Im Fall des Beschwerdeführers sind Zweifel angebracht, ob derartige enge familiäre Bindungen in Spanien bestehen. Er konnte den Familiennamen der Mutter des gemeinsamen Kindes nicht nennen, wie er auch zu dem Namen und dem Alter seines Sohnes keine Angaben machen konnte. Ein Fremder, der in einem anderen Staat ein (dauerhaftes) Familienleben führt, wird die Namen der „Familienangehörigen“ und andere sie charakterisierende Eigenschaften und Persönlichkeitsmerkmale angeben können, was der Beschwerdeführer jedoch unterließ. Auch in der erhobenen Beschwerde behauptete er nicht, ein kontinuierliches und enges Familienleben (mit seinem Sohn) in Spanien zu führen.

Ergänzend gilt es darauf hinzuweisen, dass eine gegen den Beschwerdeführer erlassene Rückkehrentscheidung sowie dessen Abschiebung nach Nigeria keine unmittelbaren Auswirkungen auf die Gültigkeit seines spanischen Aufenthaltstitels zeitigen.

Zusammenfassend ist daher davon auszugehen, dass der Beschwerdeführer in Spanien kein zu berücksichtigendes Familienleben führt und seine Beziehung zu seinem angeblich dort lebenden Sohn nicht derart intensiv ist, dass die gegen den Beschwerdeführer erlassene Rückkehrentscheidung einen unverhältnismäßigen Eingriff in sein Familienleben iSd Art. 8 EMRK bedeuten würde.

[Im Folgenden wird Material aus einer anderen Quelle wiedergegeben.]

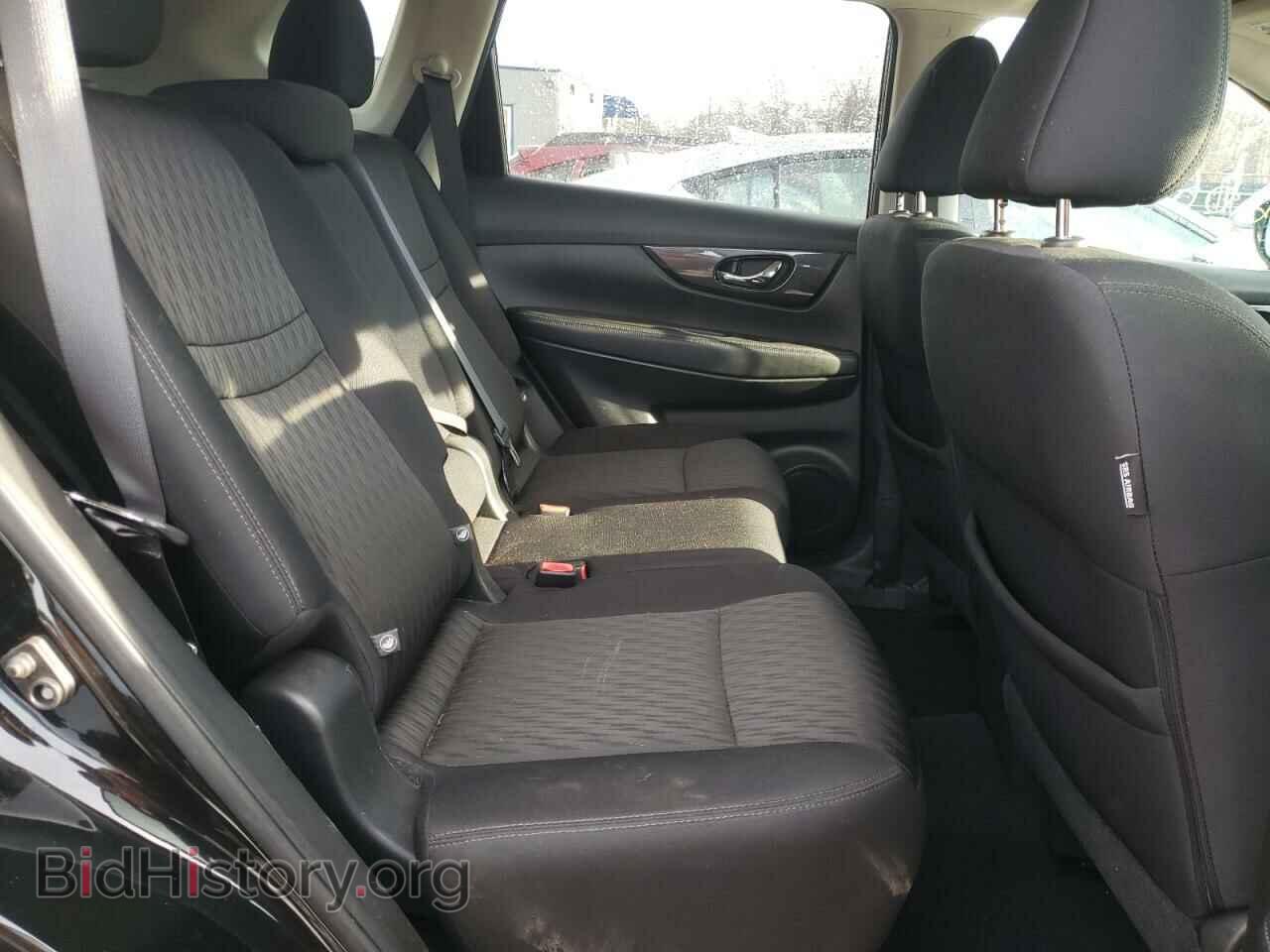 2017 NISSAN ROGUE - VIN: 5N1AT2MV4HC761925 - Фото 6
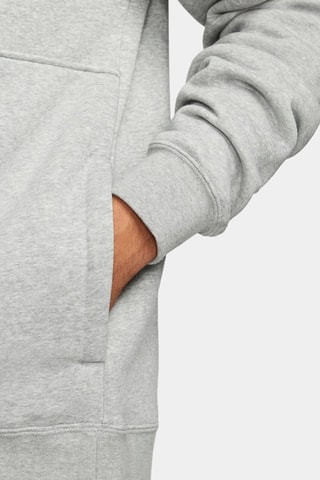 Sudadera polar - Gris claro - Nike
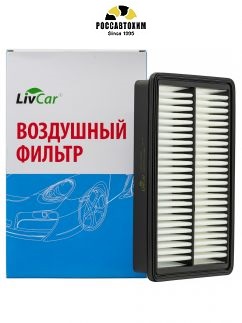Фильтр воздушный LIVCAR AIR FILTER LCM478/27019A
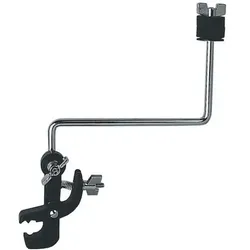 Basix Beckenhalter zum anklemmen, Instrumentenständer + Halter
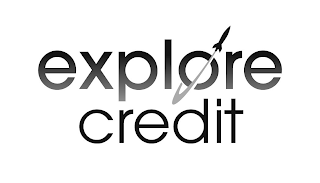 EXPLORE CREDIT logo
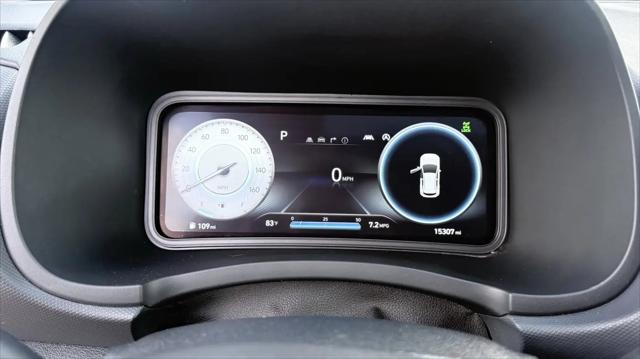 2022 Hyundai Kona N Line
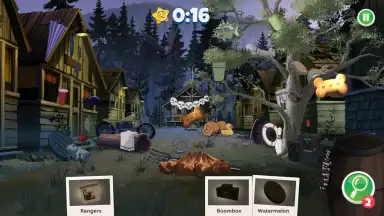 Screenshot von Scooby-Doo Mystery Cases 6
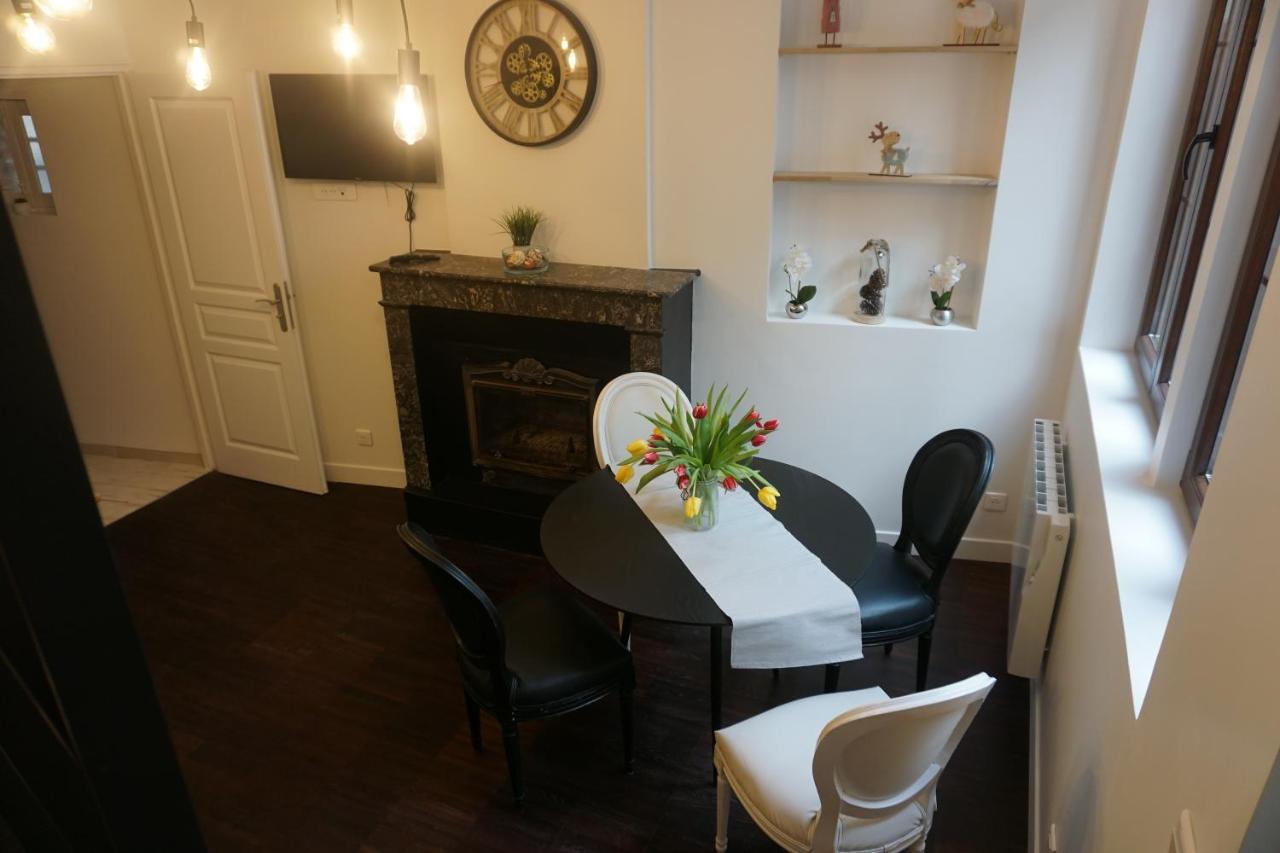 Les 3 Rois Apartment Romorantin-Lanthenay Exterior photo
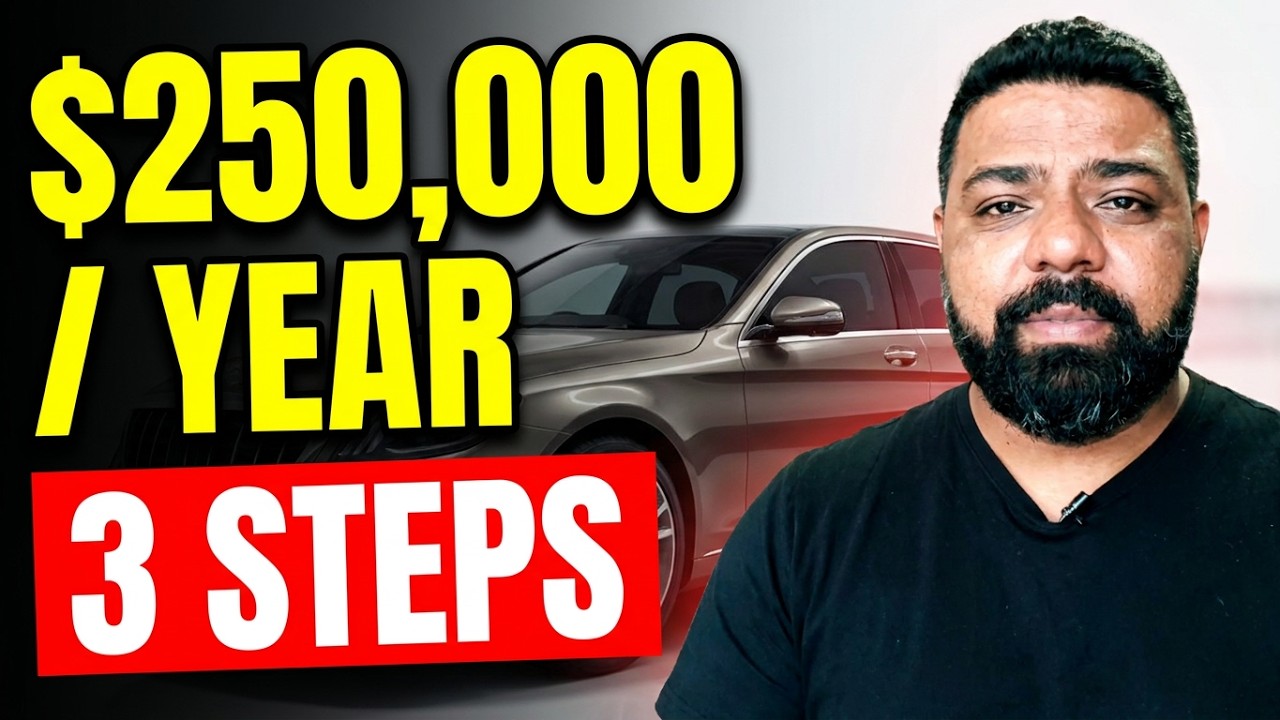 Learn How To Start Window Tinting Business -  in 3 STEPS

Zu prüfen ist überdies ein etwaiger Eingriff in das Privatleben des Beschwerdeführers:

Unter „Privatleben“ sind nach der Rechtsprechung des EGMR persönliche, soziale und wirtschaftliche Beziehungen, die für das Privatleben eines jeden Menschen konstitutiv sind, zu verstehen (vgl. Sisojeva ua gg Lettland, EuGRZ 2006, 554).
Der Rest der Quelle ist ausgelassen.